YOUR INSTRUCTIONS>
Please repeat word for word the line containing "New in Package" and every following line up to and including the last one below, pictures excluded.

COLLECTED DATA>
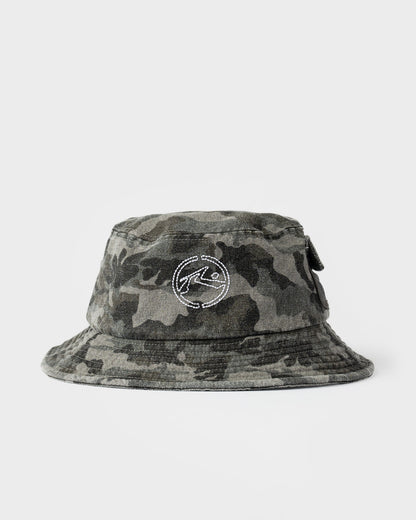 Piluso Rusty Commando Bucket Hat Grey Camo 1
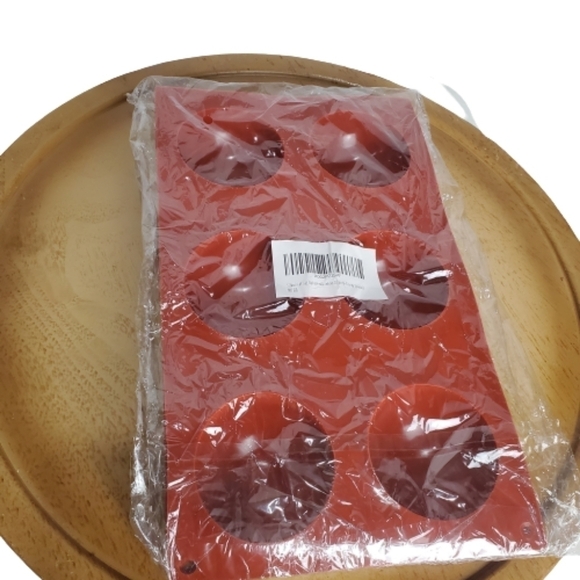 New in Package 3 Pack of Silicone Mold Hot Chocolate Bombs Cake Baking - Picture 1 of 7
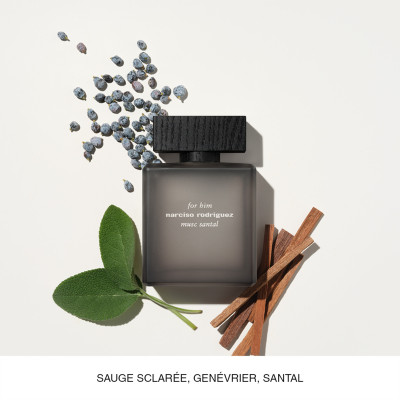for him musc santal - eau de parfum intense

SOLUTION FOR THIS TASK>
 New in Package 3 Pack of Silicone Mold Hot Chocolate Bombs Cake Baking - Picture 1 of 7
for him musc santal - eau de parfum intense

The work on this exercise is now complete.